## [TASK MATERIAL]
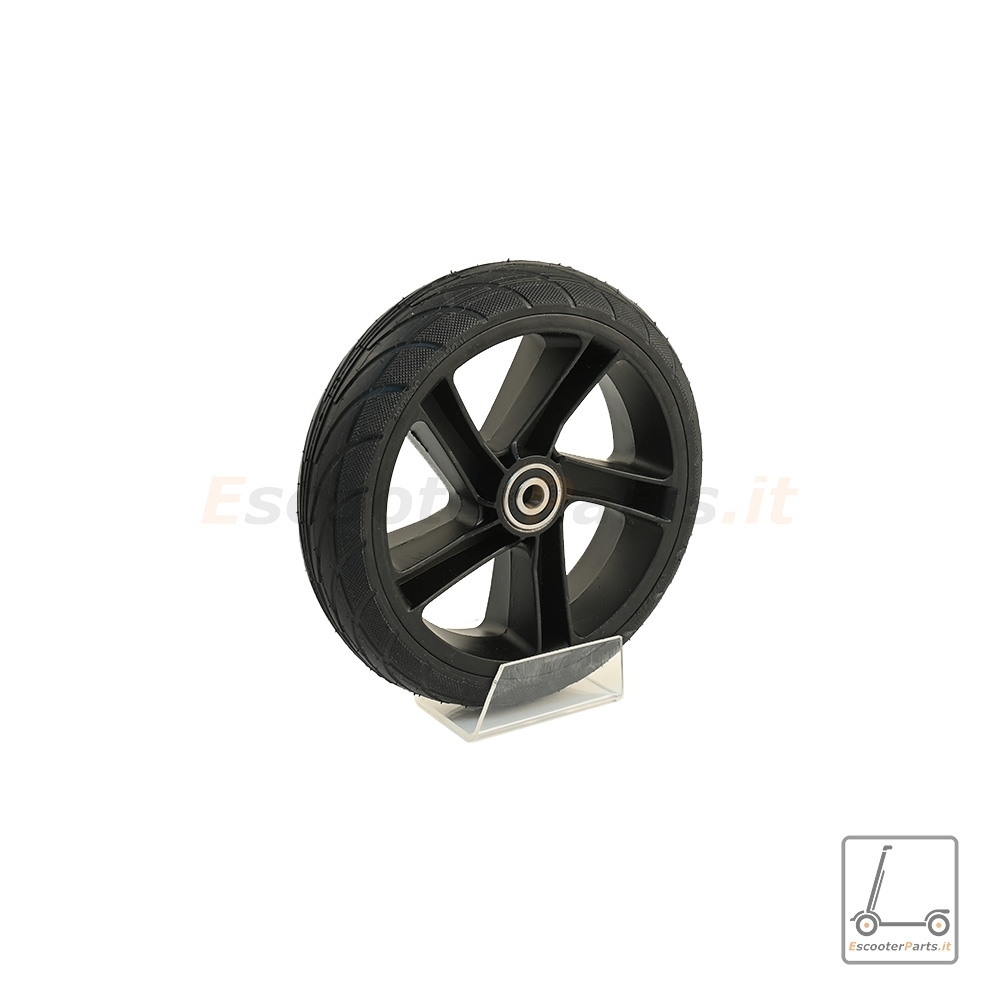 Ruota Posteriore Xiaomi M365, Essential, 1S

---

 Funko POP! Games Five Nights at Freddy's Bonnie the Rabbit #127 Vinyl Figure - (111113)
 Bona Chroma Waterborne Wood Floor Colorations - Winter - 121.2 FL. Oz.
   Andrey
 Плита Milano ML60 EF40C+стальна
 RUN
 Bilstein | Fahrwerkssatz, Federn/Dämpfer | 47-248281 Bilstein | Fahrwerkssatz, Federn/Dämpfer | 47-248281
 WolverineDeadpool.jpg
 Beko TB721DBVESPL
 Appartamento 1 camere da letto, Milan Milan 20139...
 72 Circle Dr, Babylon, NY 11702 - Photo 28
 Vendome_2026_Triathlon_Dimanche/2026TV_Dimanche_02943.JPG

## [WORK INSTRUCTIONS]
Look above for the line holding "Appartamento 1 camere". Print it and every line after it, exactly, through the line holding "Vendome_2026_Triathlon_Dimanche/2026TV_Dimanche_02943.JPG".

## [REPLY TO THE TASK]
 Appartamento 1 camere da letto, Milan Milan 20139...
 72 Circle Dr, Babylon, NY 11702 - Photo 28
 Vendome_2026_Triathlon_Dimanche/2026TV_Dimanche_02943.JPG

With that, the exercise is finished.